I love my toaster, a Sunbeam of about (at least) 45 years of age. It is the type that automatically lowers the bread and then auto-raises it slowly; it has some type of infra-red something or other to give an accurate toast. And it toasts fast so you get truly toasted bread: brown on the outside but still softer bread on the inside, if you so desire.

My toaster is wonderful, and I highly recommend it but they are getting to be pricey "antiques". It is starting to have troubles detecting when bread is dropped in the "one slice" slot, but I have figured out a couple of little tricks to wake the slice detector up, so we are still using it, though I must give "toaster lessons" to anyone who has not used it before, especially if the bread does not lower at first drop.

Yes, my ancient toaster works, but I do have two back-ups of the same model in storage. . . don't tell my husband. . . ! And I gave my sister one of the same models as she loves mine. She doesn't use it much because she has no counter space and doesn't eat much toast. So I guess I have triple-redundancy for a toaster failure in a toaster emergency!

 
I am truly hoping that my ancient food processor never dies

It goes back to prehistoric times and is a Sunbeam Le Chef.
It is the most faithful work horse in my kitchen and I shudder at the thought of having t replace it.

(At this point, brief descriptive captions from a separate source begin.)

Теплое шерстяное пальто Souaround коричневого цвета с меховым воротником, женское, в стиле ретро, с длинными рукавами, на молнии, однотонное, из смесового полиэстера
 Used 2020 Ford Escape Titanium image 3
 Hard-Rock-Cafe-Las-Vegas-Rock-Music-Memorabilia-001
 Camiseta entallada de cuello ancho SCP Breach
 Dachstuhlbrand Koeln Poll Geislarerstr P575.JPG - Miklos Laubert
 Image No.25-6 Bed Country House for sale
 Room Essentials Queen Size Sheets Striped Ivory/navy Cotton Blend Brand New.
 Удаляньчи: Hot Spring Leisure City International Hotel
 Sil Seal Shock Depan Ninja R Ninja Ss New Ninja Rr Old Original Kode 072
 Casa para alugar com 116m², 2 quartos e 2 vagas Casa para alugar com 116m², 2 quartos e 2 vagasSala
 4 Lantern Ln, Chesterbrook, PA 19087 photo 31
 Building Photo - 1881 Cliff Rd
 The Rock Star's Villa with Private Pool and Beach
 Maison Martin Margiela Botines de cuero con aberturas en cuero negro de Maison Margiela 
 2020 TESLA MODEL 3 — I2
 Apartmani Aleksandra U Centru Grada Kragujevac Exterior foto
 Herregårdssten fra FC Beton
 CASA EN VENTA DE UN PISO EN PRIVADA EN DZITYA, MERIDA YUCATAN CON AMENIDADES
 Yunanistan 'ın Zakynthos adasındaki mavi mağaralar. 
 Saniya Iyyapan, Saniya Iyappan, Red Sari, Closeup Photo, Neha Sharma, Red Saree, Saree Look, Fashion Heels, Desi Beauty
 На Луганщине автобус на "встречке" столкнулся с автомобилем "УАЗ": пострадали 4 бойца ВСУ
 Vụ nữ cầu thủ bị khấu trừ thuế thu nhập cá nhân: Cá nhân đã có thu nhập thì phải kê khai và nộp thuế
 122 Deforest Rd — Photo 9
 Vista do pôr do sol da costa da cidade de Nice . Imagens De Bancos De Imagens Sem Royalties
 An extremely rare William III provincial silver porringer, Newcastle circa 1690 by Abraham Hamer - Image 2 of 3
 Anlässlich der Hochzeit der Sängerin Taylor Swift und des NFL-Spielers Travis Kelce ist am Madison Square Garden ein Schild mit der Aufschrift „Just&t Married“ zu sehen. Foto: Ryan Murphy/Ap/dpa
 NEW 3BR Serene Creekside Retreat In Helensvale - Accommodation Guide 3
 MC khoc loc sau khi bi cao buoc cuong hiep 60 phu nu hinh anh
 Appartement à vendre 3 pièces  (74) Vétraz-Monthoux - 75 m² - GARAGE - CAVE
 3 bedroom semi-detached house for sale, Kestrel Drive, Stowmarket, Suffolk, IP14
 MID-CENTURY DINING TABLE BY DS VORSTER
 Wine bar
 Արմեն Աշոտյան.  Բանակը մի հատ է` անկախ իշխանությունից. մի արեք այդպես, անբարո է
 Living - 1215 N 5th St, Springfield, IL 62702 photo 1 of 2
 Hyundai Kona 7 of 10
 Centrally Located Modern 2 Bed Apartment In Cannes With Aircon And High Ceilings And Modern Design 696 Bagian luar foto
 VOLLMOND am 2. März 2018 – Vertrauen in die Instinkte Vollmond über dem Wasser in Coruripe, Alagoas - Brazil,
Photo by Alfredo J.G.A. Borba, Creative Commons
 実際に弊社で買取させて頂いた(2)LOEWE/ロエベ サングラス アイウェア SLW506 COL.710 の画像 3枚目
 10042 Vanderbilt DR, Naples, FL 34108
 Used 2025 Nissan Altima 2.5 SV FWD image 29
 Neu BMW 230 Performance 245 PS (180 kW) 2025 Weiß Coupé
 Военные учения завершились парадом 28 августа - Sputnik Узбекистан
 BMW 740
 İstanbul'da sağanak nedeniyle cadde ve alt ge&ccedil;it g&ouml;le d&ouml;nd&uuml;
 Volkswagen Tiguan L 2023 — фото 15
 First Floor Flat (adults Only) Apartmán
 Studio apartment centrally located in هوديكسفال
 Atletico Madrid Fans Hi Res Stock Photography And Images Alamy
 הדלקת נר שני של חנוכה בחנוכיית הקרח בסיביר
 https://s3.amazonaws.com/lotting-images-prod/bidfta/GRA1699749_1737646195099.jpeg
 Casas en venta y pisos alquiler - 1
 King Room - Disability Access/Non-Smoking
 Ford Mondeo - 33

I do have a Cuisinart combination blender/ mini food processor and they work really well, but do sound like I have a jet plane taking off in my kitchen.

 
Mini is Oster. Not that great, but works for crumbs, etc. For smaller items I use a coffee grinder.

Full size is 37-year old Cuisinart.

 
Seems to be the case with

well...that wasn't supposed to happen.

seems to be the case with new appliances. My old Cusinart needs a crane to get it onto the counter now. Didn't seem like that 20 years ago; how did it get heavier? But I would love to have a replacement bowl for it.

I have a mini bowl for my 1970 Oster blender, that is so handy. Its bowl also needs to be replaced but disgustingly, I used crazy glue to mend it. I'm still alive.

I'm with Judy, confident but just keeping fingers crossed that the old heavy-duty motors will carry on. It's the hard plastic bowls that are the problems. The dishwasher is quite the destructive element in this process. Had I not been putting the Cuisinart bowl into the dishwasher, I know it would have fit perfectly today.

 
And my upper cabinets are somehow out of reach -

did the kitchen fairies renovate while I slept? Thank goodness for step stools and dedicated counter space smileys/wink.gif Colleen

 
I did for "2 cents" at Kohl's! All plastic - except the blade smileys/wink.gif

Toastmaster for $5. Works great for lightweight processing - dishwasher safe. Highly disposable but appropriately priced. Colleen

 
I just ordered replacement parts for my 40 year old Cuisinart DLC7 base. They are hard to

find and expensive. I sure hope they fit well and the purchase isn't a mistake. That machine was one of the first and it is so heavy and sturdy compared to the newer versions.